No último fim de semana, estive na 410 Norte, no meio da cidade-parque, embaixo das árvores, ouvindo os bentevis, para participar do Anta – Antifestival literário, promovido pelo Ricardo Fino. No caso, Ricardo Fino aparece quase como se fosse uma fundação ou uma entidade, mas é apenas a pessoa física de um animador cultural, que bancou todas as despesas para que o antifestival fosse realizado, com uma estrutura mínima de palco, microfone e cadeiras para o público.

Eu me lembrei muito dos Concertos Cabeças, que nasceram de maneira parecida, no gramado da 310 Sul. Como bem disse a poeta e cronista Maria Lucia Verdi, o evento foi uma despretensiosa, mas valiosa retomada do espírito de utopia da fundação de Brasília. Não pude acompanhar todas as mesas porque estava trabalhando, mas foram muito interessantes as que tive a oportunidade de participar.

Foi uma manhã muito agradável, conversamos sobre a crônica e sobre a poesia de Francisco Alvim. Conheci os cronistas Waleska Barbosa e Eustáquio Ferreira. Não poderia haver homenageado mais apropriado do que o poeta Francisco Alvim, autor de uma obra que está no limiar da não poesia.

No meio da antifesta, de anticelebridades, avistei na plateia uma figura parecidíssima com Ítalo Moriconi, um dos mais importantes críticos literários em atividade, ensaísta, professor universitário aposentado, organizador das antologias sobre Ana Cristina César, Torquato Neto, Os cem melhores contos do século, os Cem melhores poemas do século, entre outros. Em seguida, caí na real e cheguei a conclusão de que não era ele.
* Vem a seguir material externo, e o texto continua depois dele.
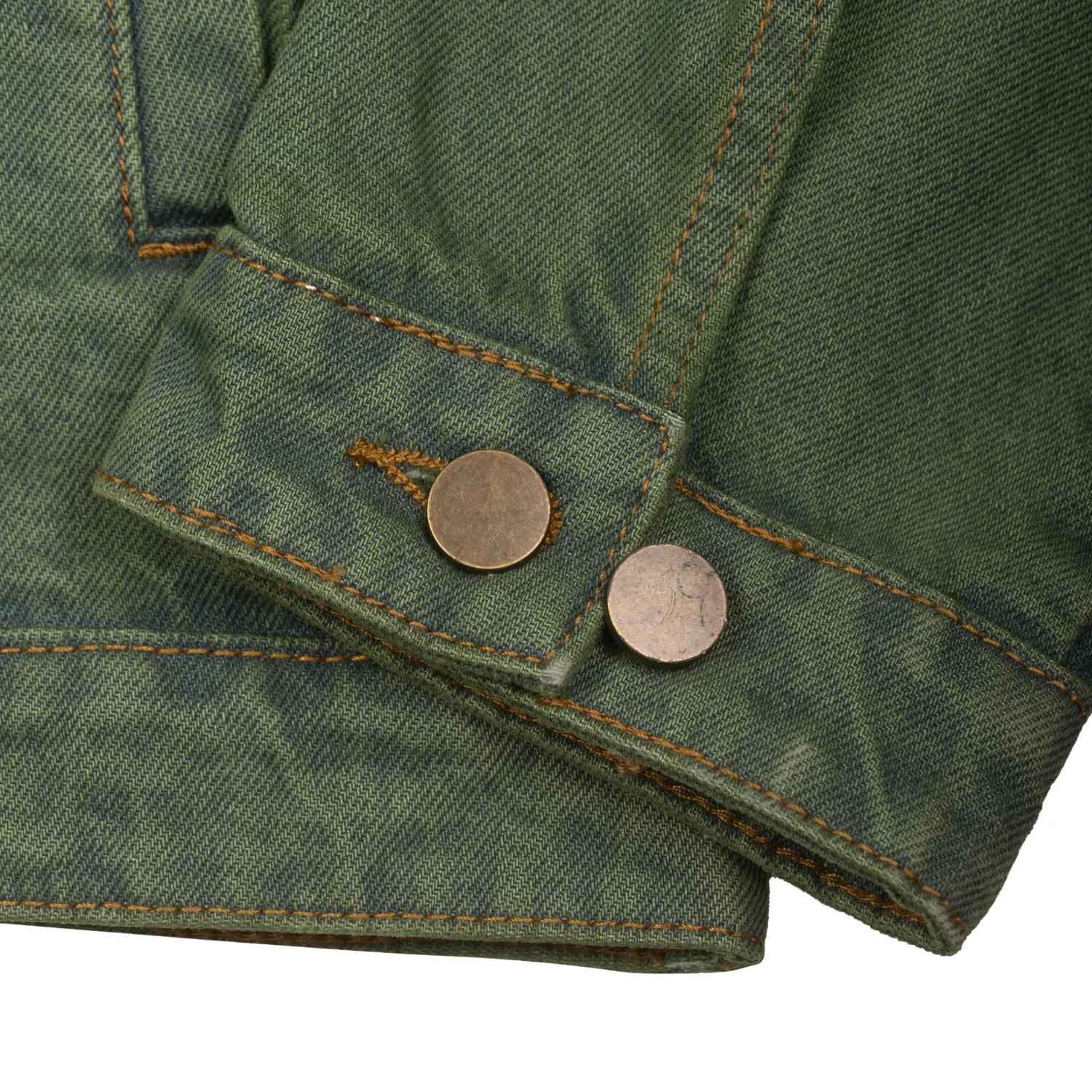 Distressed Jacket - Washed Green - Image 7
Mas, depois constatei que, sim, ele mesmo, em carne e osso. Talvez atraído pelo passado de ex- integrante do movimento da poesia marginal. Provocado a responder se crônica era literatura, Ítalo respondeu, com uma pequena aula magna, que sim, ao menos nos momentos altos. Porque o que caracteriza a literatura é a capacidade de suscitar o desejo de releitura.

E é precisamente esse desejo de releitura que a antilira de Francisco Alvim provoca, na sua enganosa facilidade. “Sente-se, leitura fluída/agradável/sem anteparos ou/escolhos/é para ler de uma/sentada”, escreve o poeta Alvim em um dos poemas de O metro nenhum, em uma senha irônica para entrar na poesia dele. Mas, na verdade, ele escreve o falso poema piada, que dói só quando você ri, como é possível apreciar no poema intitulado Argumento: “Mas se todos fazem”. Aprendi muito sobre as nuances e o alcance da poesia do Chico no debate com os poetas-ensaístas Maria Lúcia Verdi, Francisco Kac e Alexandre Pilati.
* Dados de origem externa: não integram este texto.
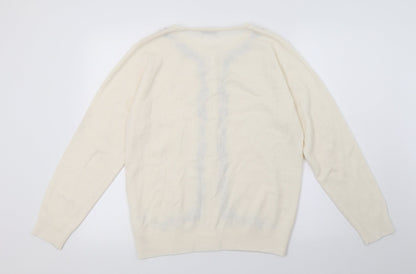 Womens UK Size 10 Berkertex Ivory Cape Jumper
Existe o Prêmio Brasília de Literatura, iniciativa muito importante, pois, apesar dos estímulos dispersos das redes sociais, existe muita gente produzindo e os escritores brasilienses têm se destacado em prêmios, como o Jabuti e o Oceanos. Era muito interessante quando o Luiz Amorim do T-Bone fechava a 312 Comercial Norte para uma noite de poesia em plena capital do país. Essa é uma imagem memorável de Brasília.
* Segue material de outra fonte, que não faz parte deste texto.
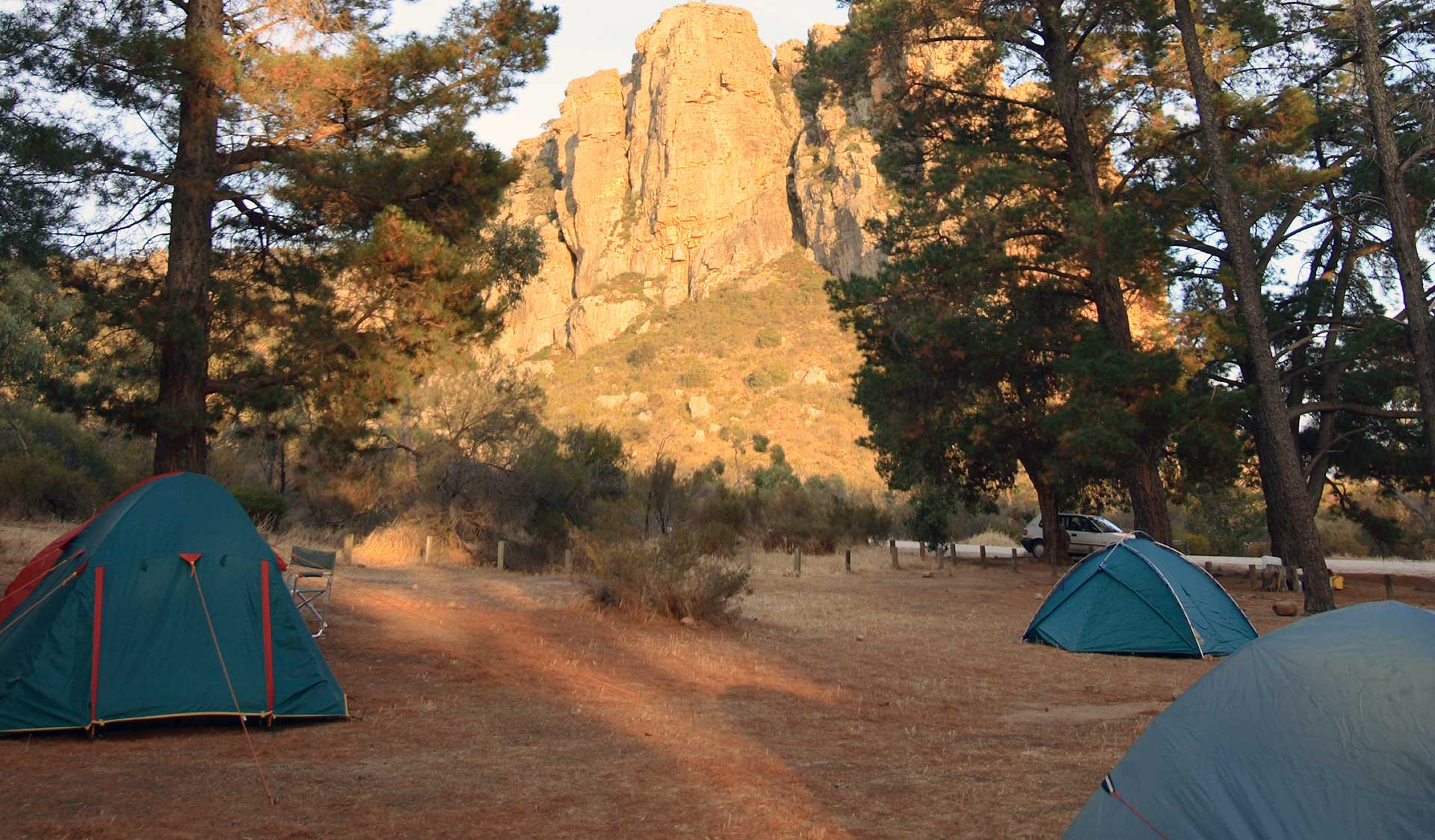 The campsite at Mount Arapiles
Então, o Antifestival promovido por Ricardo Fino preenche uma lacuna relevante, embora devesse ser ampliado, com maior participação de professores e alunos do Ensino Médio e das universidades.

Com certeza, Lucio Costa aprovaria essa iniciativa de um antifestival, com a participação, não de celebridades, mas, simplesmente, de pessoas interessadas em conversar sobre literatura, sem nenhuma pose intelectual, embaixo das árvores. Ricardo Fino inventou uma esquina no meio das superquadras.